And then when is it going to impact you?
But are you going to be prepared for some form of it?
Yeah.
Brings up a lot.
Yeah, there's two things that kind of come up.
It was nice because KubeCon North America just happened
and one of the things that they tweeted out
after the conference is that they see five trends happening in the cloud native world in 2021.
And chaos engineering is one of them, which was like, yeah, we are seeing that things are getting
more complex and people are realizing. So that was really neat. And the second thing I wanted to chime
in on is that I actually have a story. if we want to talk about what the investment in chaos engineering is versus doing it otherwise
go ahead uh so actually we're back to a finance company um but we do know we have a few other
examples they're doing um chaos engineering in qa so we do talk about the end goal is to run chaos engineering and production,
but we want to build our confidence slowly and incrementally. So this is one of our companies
that is doing chaos engineering in QA. They have a Kafka cluster and they want to start thinking
of what happens when it becomes partially unavailable. So after they ran all these
experiments, they were able to say the chaos
engineering experiments only took two hours to implement. But if they would have used regular
engineering to do this, this was something that was going to take them four or five months to
replicate. And this is just in the QA environment. So it could have actually been a little bit longer
for production and stuff. But what they wanted to see is what failures would happen when the brokers of Kafka would
actually be unavailable.
So this allowed for them to see that they actually hadn't set up monitoring properly.
The monitoring tools weren't alerting the team when the nodes were lost.
And they started to see that by running basically black hole attacks that
stopped the connection to the brokers on just half of those brokers meant that those brokers
crashed. They didn't have alerts and an engineer had to manually come and run a command for these
nodes to come back up. So if you would have to do that every single time you see a failure in your Kafka cluster, that's first of all, you might get pager fatigue and totally burn out. So they didn't really get to see why this was
happening until they broke it. And when you do lose one of the nodes of the Kafka cluster,
this meant that you actually need to manually configure it again for it to reboot. So the
amount of time that kind of was happening for them to manually intervene the few times that they ran the
experiments, they realized that they needed to fix a lot more things in their cluster and the
environment and the configuration. And that's kind of where they were like, we wouldn't have really
seen this failure right now. And if we would have discovered it via an incident, they would have
taken a lot more time to engineer for that failure
versus proactively jumping on that failure.
And obviously, if this would have happened
later on in production,
as you said, it would have taken them a long, long time.
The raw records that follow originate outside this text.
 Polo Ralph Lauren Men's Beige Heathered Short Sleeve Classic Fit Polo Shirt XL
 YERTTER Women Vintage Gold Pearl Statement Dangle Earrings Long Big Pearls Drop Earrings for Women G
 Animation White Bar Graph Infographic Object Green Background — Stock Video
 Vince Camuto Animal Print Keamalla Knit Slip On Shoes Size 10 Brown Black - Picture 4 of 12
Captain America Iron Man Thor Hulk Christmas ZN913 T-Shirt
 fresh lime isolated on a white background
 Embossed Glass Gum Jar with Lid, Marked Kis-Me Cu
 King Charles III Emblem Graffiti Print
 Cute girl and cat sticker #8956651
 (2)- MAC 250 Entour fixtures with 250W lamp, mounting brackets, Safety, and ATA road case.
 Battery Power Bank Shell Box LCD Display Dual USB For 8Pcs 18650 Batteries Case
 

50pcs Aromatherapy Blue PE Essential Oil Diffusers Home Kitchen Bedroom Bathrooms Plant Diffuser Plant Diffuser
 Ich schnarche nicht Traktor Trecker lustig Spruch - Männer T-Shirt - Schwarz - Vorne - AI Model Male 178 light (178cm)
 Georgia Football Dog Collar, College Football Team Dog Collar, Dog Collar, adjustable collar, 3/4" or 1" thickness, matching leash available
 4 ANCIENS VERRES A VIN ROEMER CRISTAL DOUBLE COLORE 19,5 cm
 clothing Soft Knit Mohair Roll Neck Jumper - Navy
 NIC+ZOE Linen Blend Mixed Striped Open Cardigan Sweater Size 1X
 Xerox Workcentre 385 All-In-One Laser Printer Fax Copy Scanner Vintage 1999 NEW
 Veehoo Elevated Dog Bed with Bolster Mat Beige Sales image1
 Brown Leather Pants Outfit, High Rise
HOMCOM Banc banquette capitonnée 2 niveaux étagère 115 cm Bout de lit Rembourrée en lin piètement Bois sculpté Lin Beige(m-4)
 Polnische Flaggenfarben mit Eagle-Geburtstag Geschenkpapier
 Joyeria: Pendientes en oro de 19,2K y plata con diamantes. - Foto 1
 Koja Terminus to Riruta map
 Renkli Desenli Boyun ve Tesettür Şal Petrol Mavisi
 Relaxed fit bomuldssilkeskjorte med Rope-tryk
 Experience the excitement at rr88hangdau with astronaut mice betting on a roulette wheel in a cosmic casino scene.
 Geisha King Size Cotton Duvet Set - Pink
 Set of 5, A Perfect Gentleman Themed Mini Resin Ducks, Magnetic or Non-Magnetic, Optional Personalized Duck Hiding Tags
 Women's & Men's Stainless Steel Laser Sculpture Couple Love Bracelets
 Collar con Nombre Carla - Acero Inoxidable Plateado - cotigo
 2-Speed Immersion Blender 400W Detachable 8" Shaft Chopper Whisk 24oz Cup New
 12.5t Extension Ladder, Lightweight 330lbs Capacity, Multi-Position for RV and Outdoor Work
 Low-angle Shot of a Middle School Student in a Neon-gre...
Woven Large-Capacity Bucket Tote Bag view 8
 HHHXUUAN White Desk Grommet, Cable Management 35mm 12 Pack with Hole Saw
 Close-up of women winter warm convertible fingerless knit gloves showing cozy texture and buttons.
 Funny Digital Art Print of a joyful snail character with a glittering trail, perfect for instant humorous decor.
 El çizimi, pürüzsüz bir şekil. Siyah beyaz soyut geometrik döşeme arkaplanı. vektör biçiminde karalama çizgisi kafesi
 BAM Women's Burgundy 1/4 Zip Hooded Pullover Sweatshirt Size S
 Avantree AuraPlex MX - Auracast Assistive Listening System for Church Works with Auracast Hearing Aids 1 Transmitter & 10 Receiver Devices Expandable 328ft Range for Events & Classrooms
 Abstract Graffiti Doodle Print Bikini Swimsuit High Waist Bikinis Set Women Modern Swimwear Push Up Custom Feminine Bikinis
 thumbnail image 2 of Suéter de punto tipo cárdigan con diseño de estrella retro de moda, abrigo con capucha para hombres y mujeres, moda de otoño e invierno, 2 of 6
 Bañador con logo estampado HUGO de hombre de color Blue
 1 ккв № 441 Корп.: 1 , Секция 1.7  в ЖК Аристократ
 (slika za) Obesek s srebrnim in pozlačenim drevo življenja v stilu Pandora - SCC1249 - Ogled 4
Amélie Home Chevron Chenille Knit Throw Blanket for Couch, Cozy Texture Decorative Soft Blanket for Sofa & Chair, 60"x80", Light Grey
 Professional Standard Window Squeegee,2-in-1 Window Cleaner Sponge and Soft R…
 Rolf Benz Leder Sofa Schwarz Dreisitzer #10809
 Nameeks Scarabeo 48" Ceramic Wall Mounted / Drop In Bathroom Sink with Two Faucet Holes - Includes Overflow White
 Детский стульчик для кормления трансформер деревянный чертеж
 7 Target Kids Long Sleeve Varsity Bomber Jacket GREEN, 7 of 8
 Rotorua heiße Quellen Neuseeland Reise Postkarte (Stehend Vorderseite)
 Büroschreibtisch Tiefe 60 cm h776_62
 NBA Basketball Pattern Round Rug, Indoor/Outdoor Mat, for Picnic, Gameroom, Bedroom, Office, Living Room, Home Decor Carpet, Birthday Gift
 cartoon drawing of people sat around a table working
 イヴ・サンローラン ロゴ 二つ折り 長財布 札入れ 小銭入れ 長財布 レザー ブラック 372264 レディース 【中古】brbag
It would have meant a huge downtime,
huge penalty payments,
especially if it's finance, right?
I mean, that's probably, I think,
hard to measure actually how much money they would have lost.
And therefore the upfront investment makes a lot of sense
and pays off immediately.
Yeah.
And finance is interesting because like you mentioned,
it's like you're going to get charged on fines
depending on the countries that you're operating on.
Like that cost of downtime bill could get incrementally really, really high
for every minute that you're done.
Hey, you mentioned monitoring
and that they figured out
that maybe not the right people were alerted
or got alerted,
which reminds me of a thing that we,
as an industry, I think in general,
try to promote a lot is everything is code
and everything is configuration.
So we also talk about, you know,
making sure that your delivery pipelines can,
well, let's say that all of the tools
that you use from dev to ops
can be automatically configured
through configuration as code
and that you then also apply it accordingly.
And I think this is a great way also
for for you to test this for your monitoring solution meaning if you are right now only
using monitoring and production and you've everything manually configured because you've
never needed it to replicate it in a pre-production environment well then it's about time that you
figure out how you can configure your monitoring fully automatically and then also use that configuration and propagate it
from dev to QA into prod
so that you always get the same alerts
and the same thresholds are used and all that.
So I think that's especially for our listeners
that are using maybe the monitoring tool
that Brian and I try to bring to the world every day.
And it's funny you mentioned that
because it's weird to,
like we saw this a lot with prospects and customers.
They didn't have monitoring set up.
And it was like, how are you operating at scale?
And then maybe they would only have monitoring and production,
but then they're not doing this in any pre-prod environment.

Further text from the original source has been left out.